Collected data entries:
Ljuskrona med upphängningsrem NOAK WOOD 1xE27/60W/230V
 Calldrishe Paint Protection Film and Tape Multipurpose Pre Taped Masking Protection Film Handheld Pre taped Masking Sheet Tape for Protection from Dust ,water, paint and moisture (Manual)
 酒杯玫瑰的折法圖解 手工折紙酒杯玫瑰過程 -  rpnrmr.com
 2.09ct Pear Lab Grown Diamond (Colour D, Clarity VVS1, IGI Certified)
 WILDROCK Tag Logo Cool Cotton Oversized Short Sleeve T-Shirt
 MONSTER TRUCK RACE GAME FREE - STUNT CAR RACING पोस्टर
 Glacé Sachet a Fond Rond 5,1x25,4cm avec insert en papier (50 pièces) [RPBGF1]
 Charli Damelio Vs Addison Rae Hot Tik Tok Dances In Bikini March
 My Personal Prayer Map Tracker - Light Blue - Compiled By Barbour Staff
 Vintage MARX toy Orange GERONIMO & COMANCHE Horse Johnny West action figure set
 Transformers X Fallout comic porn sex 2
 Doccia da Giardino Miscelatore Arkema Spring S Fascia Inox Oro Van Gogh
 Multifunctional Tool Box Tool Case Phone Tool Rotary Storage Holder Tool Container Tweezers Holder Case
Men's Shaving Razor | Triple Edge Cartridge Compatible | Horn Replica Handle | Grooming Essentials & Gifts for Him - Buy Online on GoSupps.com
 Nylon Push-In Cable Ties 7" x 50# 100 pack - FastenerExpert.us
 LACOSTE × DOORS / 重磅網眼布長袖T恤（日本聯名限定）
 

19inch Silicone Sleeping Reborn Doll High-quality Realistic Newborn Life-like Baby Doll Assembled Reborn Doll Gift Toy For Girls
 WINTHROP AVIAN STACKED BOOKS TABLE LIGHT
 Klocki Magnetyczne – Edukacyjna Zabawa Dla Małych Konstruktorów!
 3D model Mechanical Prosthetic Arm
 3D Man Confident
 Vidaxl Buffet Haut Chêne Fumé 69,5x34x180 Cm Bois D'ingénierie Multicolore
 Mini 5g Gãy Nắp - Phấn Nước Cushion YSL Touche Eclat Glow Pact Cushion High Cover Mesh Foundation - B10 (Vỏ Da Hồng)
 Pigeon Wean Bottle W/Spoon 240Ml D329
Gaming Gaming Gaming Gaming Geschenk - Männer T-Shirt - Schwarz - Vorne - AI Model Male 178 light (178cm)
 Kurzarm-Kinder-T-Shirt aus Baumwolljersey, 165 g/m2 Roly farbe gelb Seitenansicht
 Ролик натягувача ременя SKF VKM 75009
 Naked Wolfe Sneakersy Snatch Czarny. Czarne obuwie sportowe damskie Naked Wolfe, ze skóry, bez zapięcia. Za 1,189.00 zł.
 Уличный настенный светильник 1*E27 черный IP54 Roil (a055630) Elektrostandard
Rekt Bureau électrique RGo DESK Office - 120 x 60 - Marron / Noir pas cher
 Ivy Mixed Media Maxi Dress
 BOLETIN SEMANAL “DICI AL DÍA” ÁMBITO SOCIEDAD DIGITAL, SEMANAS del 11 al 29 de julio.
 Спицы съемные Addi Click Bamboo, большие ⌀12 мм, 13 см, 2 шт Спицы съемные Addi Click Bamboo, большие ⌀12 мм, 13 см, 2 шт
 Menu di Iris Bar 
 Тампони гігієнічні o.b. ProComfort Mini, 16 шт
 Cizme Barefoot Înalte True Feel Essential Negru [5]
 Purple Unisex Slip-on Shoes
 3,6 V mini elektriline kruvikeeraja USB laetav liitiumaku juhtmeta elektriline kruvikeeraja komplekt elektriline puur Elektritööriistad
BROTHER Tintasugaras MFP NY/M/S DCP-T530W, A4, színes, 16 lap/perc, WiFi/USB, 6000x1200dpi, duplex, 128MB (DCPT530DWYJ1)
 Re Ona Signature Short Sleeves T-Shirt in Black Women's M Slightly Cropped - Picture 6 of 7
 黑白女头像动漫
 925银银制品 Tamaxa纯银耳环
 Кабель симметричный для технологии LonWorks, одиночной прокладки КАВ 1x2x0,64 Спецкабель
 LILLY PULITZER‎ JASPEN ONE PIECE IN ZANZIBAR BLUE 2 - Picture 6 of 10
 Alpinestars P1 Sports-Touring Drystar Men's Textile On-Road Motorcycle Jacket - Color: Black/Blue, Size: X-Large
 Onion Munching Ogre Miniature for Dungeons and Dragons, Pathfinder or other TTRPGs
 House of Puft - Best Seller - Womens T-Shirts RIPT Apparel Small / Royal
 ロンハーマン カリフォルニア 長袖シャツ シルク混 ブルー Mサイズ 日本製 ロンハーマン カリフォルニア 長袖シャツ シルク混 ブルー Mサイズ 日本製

#### Problem details
Check the entries above for the word "Picture" and copy every line where it turns up.

#### Solution to this task
 Re Ona Signature Short Sleeves T-Shirt in Black Women's M Slightly Cropped - Picture 6 of 7
 LILLY PULITZER‎ JASPEN ONE PIECE IN ZANZIBAR BLUE 2 - Picture 6 of 10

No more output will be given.